A keratometer, also known as an ophthalmometer, is a diagnostic instrument for measuring the curvature of the anterior surface of the cornea, particularly for assessing the extent and axis of astigmatism. It was invented by the German physiologist Hermann von Helmholtz in 1851, although an earlier model was developed in 1796 by Jesse Ramsden and Everard Home.

A keratometer uses the relationship between object size (O), image size (I), the distance between the reflective surface and the object (d), and the radius of the reflective surface (R). If three of these variables are known (or fixed), the fourth can be calculated using the formula

$R = 2d \frac{I}{O}$

There are two distinct variants of determining R; Javal-Schiotz type keratometers have a fixed image size and are typically 'two position', whereas Bausch and Lomb type keratometers have a fixed object size and are usually 'one position'.

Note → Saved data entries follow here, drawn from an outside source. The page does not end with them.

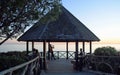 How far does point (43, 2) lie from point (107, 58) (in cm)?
496

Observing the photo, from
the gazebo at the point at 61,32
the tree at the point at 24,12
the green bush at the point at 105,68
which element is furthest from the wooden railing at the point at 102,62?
the tree at the point at 24,12

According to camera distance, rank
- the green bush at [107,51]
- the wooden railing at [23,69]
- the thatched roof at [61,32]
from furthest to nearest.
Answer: the thatched roof at [61,32] → the green bush at [107,51] → the wooden railing at [23,69]

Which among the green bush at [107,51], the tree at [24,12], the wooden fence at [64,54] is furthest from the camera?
the wooden fence at [64,54]

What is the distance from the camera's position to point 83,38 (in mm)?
22312

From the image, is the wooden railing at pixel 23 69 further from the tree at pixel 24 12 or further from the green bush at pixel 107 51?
the green bush at pixel 107 51

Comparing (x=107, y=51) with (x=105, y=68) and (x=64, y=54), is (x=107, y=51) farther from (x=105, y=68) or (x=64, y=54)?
(x=64, y=54)

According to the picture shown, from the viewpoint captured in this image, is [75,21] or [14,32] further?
[75,21]

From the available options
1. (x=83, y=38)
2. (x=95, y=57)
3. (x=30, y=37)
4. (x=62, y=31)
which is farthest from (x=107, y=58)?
(x=30, y=37)

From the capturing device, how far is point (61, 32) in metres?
23.0

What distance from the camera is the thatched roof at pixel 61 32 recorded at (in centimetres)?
2239

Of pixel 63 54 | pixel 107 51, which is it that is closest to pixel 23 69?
pixel 107 51

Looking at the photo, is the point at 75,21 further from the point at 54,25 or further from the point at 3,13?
the point at 3,13

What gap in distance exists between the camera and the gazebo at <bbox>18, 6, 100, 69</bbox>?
2241 cm

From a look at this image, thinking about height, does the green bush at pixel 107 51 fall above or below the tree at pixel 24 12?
below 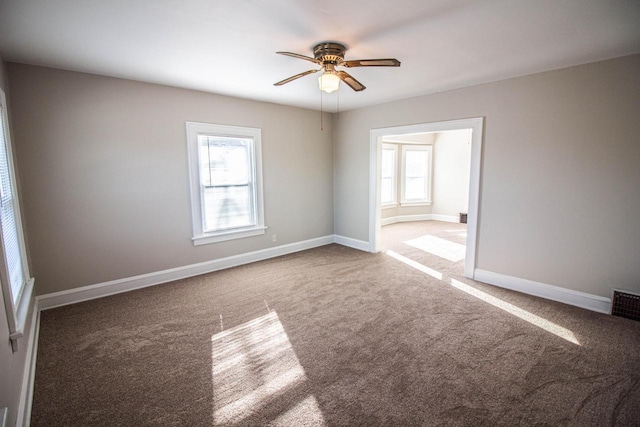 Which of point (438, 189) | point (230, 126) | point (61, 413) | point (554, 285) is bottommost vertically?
point (61, 413)

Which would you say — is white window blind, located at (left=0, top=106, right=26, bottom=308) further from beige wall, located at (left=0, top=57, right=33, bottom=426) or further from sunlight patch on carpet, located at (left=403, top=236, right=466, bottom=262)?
sunlight patch on carpet, located at (left=403, top=236, right=466, bottom=262)

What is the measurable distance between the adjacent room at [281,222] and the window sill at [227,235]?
0.11ft

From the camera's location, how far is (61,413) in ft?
6.23

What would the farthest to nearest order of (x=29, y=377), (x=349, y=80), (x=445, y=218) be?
1. (x=445, y=218)
2. (x=349, y=80)
3. (x=29, y=377)

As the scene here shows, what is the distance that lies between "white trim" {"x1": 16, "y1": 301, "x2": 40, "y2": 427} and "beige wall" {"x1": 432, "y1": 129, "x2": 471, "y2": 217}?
8.55m

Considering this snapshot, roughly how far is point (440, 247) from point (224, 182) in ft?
13.6

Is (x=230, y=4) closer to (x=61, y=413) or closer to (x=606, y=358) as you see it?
(x=61, y=413)

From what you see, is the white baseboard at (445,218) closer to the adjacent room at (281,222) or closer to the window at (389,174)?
the window at (389,174)

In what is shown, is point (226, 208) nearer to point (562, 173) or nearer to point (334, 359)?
point (334, 359)

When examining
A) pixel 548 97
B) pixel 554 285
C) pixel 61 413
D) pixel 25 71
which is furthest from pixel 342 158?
pixel 61 413

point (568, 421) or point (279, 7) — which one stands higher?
point (279, 7)

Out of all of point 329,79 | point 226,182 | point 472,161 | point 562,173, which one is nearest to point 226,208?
point 226,182

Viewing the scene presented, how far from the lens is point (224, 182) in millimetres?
4570

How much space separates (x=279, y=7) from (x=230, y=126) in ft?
9.03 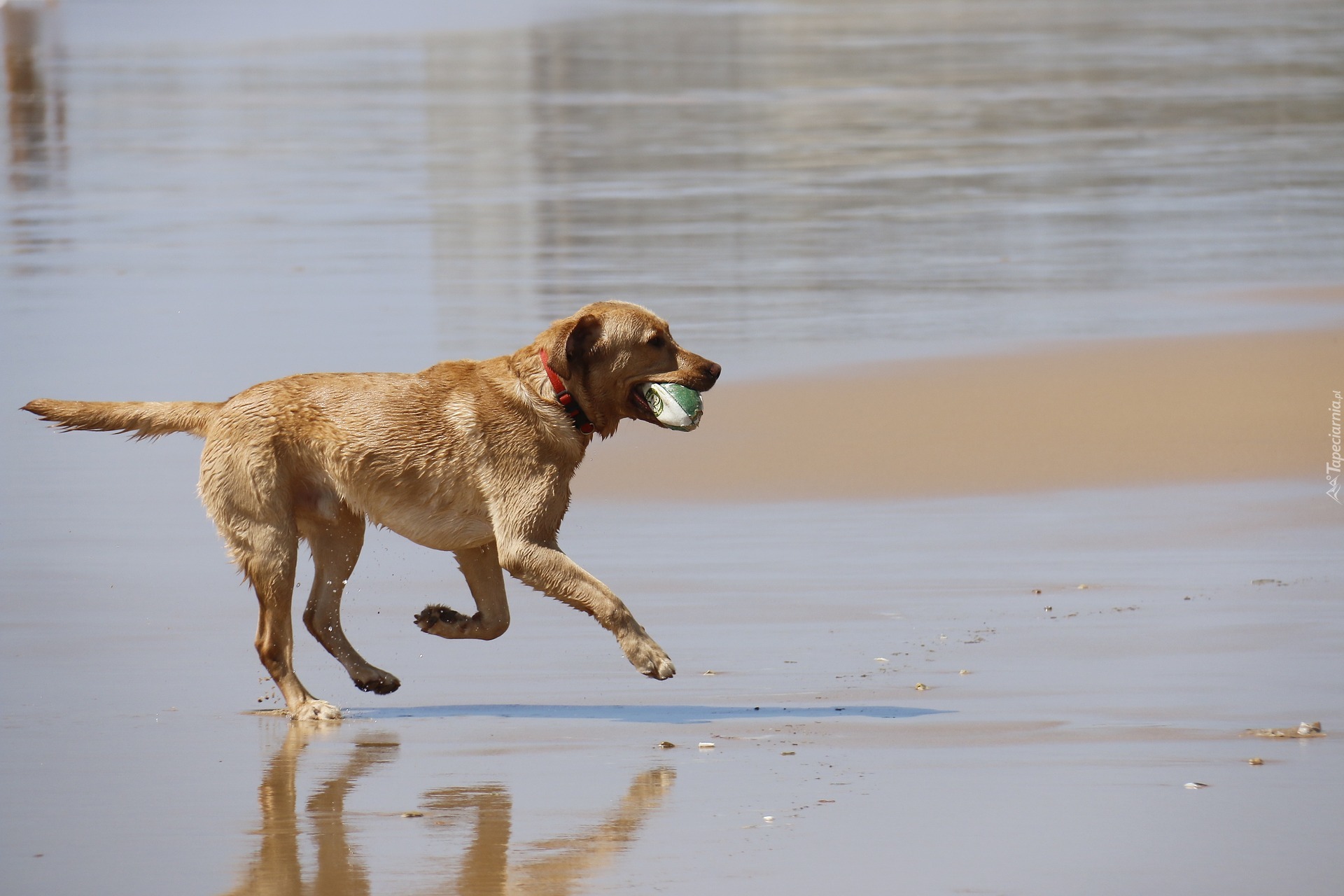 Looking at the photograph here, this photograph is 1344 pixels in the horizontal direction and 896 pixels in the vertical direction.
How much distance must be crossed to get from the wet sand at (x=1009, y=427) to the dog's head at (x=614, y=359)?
275 centimetres

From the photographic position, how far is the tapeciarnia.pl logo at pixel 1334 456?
391 inches

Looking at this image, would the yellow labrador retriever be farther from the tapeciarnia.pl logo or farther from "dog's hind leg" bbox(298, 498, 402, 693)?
the tapeciarnia.pl logo

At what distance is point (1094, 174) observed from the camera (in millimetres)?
21516

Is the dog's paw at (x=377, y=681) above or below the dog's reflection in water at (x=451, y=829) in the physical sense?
below

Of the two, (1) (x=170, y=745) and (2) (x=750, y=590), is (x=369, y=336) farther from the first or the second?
(1) (x=170, y=745)

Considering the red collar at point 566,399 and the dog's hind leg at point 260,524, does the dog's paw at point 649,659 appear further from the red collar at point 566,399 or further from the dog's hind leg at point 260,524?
the dog's hind leg at point 260,524

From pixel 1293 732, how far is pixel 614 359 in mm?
2714

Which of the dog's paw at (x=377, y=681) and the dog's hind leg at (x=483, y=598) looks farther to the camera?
the dog's hind leg at (x=483, y=598)

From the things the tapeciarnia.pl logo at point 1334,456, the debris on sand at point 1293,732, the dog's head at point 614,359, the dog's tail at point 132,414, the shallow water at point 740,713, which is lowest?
the shallow water at point 740,713

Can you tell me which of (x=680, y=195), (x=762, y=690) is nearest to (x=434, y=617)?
(x=762, y=690)

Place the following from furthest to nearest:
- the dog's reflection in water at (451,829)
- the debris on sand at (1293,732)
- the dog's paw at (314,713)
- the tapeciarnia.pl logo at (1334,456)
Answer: the tapeciarnia.pl logo at (1334,456) → the dog's paw at (314,713) → the debris on sand at (1293,732) → the dog's reflection in water at (451,829)

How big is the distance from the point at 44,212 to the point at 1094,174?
10821 millimetres

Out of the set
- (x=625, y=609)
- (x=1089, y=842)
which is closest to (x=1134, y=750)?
(x=1089, y=842)

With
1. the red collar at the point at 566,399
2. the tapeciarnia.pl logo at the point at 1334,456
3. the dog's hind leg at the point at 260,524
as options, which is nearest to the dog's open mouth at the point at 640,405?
the red collar at the point at 566,399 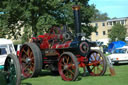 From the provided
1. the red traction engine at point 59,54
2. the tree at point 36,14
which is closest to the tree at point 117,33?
the tree at point 36,14

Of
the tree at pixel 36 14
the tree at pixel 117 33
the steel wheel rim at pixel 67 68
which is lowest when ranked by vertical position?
the steel wheel rim at pixel 67 68

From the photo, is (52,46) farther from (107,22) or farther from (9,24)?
(107,22)

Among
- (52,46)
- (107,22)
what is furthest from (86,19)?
(107,22)

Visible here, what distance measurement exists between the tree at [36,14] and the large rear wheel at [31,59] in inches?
608

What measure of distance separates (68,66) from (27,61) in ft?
7.41

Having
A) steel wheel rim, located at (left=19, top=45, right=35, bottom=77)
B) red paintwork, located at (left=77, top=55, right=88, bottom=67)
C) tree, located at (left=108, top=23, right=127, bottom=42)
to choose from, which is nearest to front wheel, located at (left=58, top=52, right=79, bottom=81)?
red paintwork, located at (left=77, top=55, right=88, bottom=67)

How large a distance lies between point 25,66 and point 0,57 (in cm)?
454

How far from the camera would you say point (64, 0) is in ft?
103

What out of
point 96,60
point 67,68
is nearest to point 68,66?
point 67,68

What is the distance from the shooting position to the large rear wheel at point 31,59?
1047cm

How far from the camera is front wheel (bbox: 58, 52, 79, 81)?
9157 mm

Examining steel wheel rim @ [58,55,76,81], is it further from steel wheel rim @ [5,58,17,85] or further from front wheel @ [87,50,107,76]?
steel wheel rim @ [5,58,17,85]

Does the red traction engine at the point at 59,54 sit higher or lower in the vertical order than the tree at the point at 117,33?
lower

== Javal-Schiotz Principles ==
The Javal-Schiotz keratometer is a two position instrument which uses a fixed image and doubling size and adjustable object size to determine the radius of curvature of the reflective surface. It uses two self illuminated mires (the object), one a red square, the other a green staircase design, which are held on a circumferential track in order to maintain a fixed distance from the eye.
In order to get repeatable, accurate measurements, it is important that the instrument stays focused. It uses the Scheiner principle, common in autofocus devices, in which the converging reflected rays coming towards the eyepiece are viewed through (at least) two separate symmetrical apertures.

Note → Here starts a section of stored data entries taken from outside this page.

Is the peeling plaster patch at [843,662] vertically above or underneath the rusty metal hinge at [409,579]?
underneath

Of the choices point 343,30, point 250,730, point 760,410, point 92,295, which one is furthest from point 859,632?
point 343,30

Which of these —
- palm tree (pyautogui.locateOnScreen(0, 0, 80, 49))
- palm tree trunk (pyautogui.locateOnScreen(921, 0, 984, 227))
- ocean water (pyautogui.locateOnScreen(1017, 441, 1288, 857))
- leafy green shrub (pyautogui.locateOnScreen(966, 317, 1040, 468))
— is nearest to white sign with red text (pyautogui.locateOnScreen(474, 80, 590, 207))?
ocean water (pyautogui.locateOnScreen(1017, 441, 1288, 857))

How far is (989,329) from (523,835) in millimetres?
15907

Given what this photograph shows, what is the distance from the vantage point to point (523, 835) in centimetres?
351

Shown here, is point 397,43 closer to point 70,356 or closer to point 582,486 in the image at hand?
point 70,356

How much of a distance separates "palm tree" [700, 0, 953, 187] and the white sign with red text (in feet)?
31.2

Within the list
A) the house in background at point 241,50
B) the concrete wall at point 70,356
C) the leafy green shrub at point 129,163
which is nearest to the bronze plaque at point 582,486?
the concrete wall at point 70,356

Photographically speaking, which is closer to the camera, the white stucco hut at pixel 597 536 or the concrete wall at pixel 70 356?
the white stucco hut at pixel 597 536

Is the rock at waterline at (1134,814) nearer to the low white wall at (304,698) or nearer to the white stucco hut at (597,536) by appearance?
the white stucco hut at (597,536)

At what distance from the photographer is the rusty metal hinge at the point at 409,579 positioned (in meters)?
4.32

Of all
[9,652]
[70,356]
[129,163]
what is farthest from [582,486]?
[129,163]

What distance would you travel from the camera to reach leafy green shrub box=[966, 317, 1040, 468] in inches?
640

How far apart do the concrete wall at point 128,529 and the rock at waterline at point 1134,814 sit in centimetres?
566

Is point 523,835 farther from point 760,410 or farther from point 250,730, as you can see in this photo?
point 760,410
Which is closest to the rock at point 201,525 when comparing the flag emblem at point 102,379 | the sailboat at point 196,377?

==Bausch and Lomb principles==
The Bausch and Lomb Keratometer is a one position keratometer that gives readings in dioptric form. It differs from the Javal-Schiotz in that object size is fixed, image size is the manipulable variable. The reflected rays are passed through a Scheiner disc with 4 apertures – As there are two prisms, each aligned perpendicular to the other, the major and minor axis powers can be measured independently without adjusting the orientation of the instrument.

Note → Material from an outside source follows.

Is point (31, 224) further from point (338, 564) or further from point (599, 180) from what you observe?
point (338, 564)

In converting the measurements obtained from the corneal surface into a dioptric value, the B&L keratometer uses the general lens formula (n'-n)/R and assumes an n' of 1.3375 (compared to the actual corneal refractive index of n'=1.376). This is a fictional value, which includes an allowance for the small, yet significant, negative power of the posterior corneal surface. This allows for a readout in both refractive power (dioptres) and radius of curvature (millimeters).